Leaving out pictures, output exactly the lines below from the one that has "LCD Smart TV" through the one that has "Used SEAT Alhambra", and nothing else.

Records for this task =>
****************************************

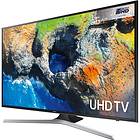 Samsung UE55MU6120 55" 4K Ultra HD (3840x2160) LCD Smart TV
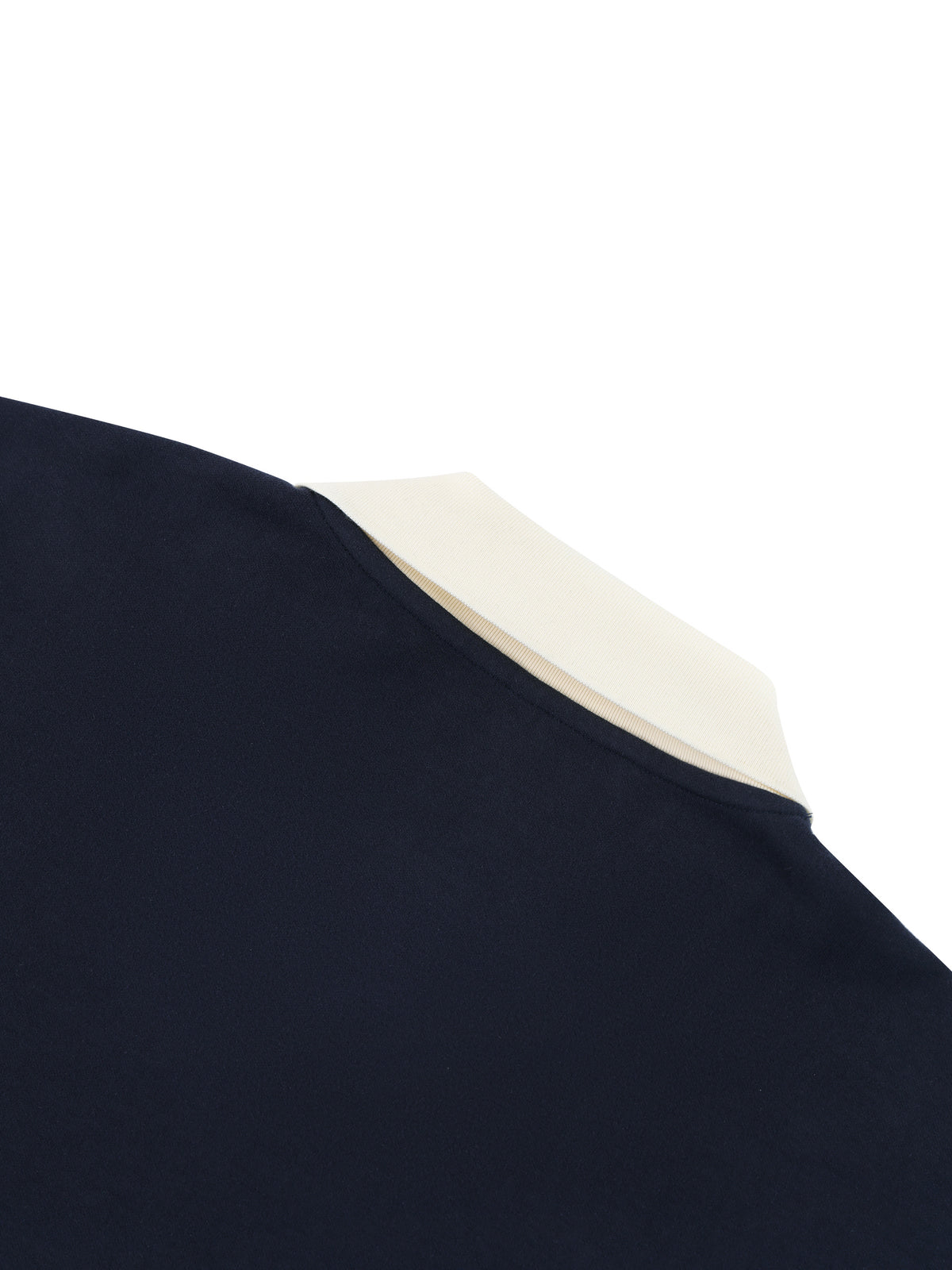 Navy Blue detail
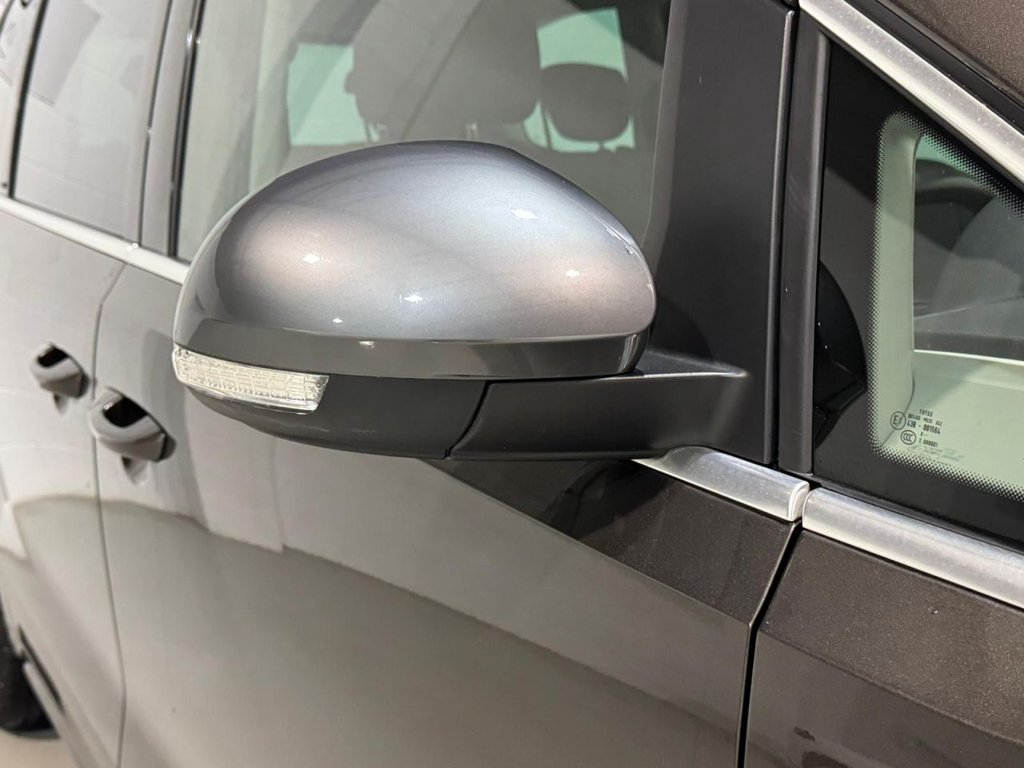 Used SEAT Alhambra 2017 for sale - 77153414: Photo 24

****************************************

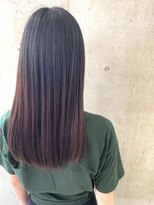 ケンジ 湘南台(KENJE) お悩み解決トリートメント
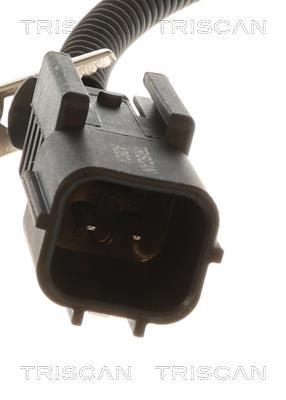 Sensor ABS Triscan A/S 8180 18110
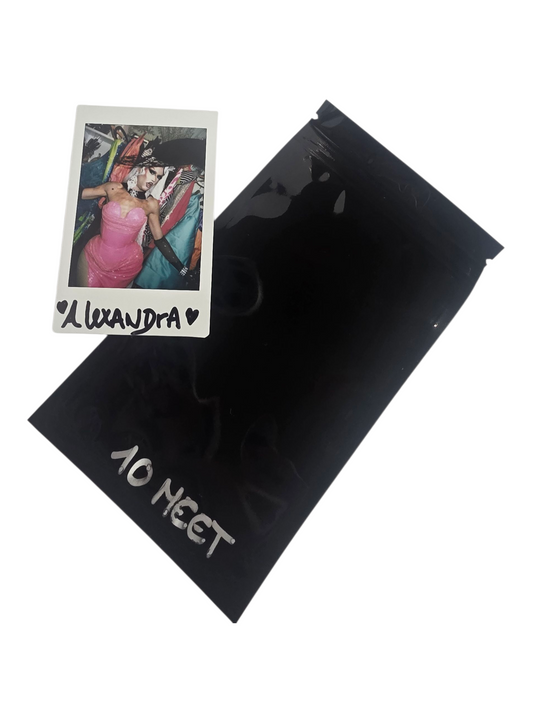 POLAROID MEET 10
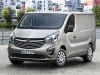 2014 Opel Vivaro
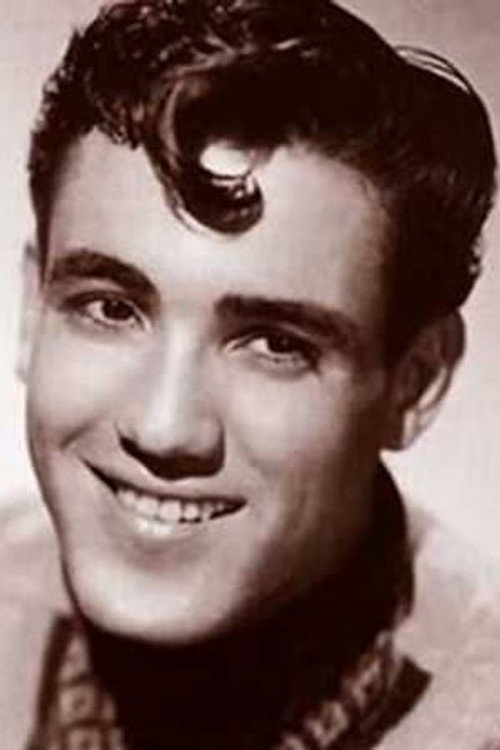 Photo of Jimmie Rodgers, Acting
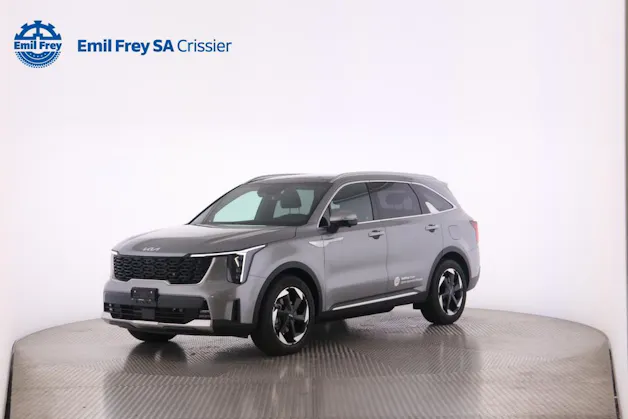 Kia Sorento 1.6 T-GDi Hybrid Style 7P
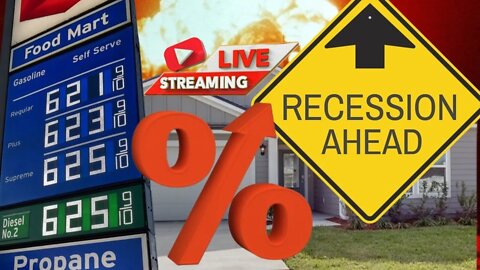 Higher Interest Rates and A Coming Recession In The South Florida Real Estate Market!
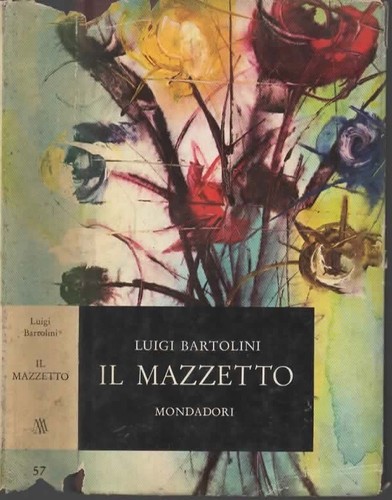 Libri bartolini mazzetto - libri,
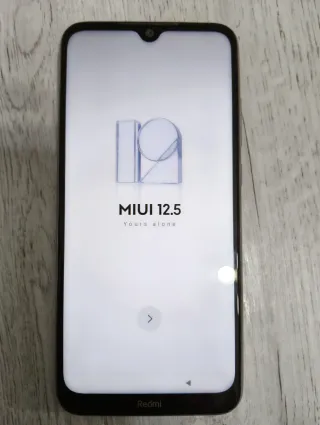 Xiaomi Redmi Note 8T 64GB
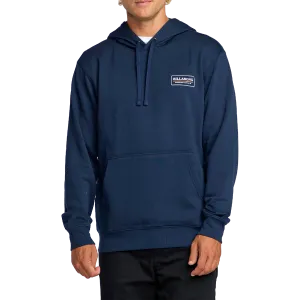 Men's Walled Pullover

****************************************

Response area =>
 Samsung UE55MU6120 55" 4K Ultra HD (3840x2160) LCD Smart TV
 Navy Blue detail
 Used SEAT Alhambra 2017 for sale - 77153414: Photo 24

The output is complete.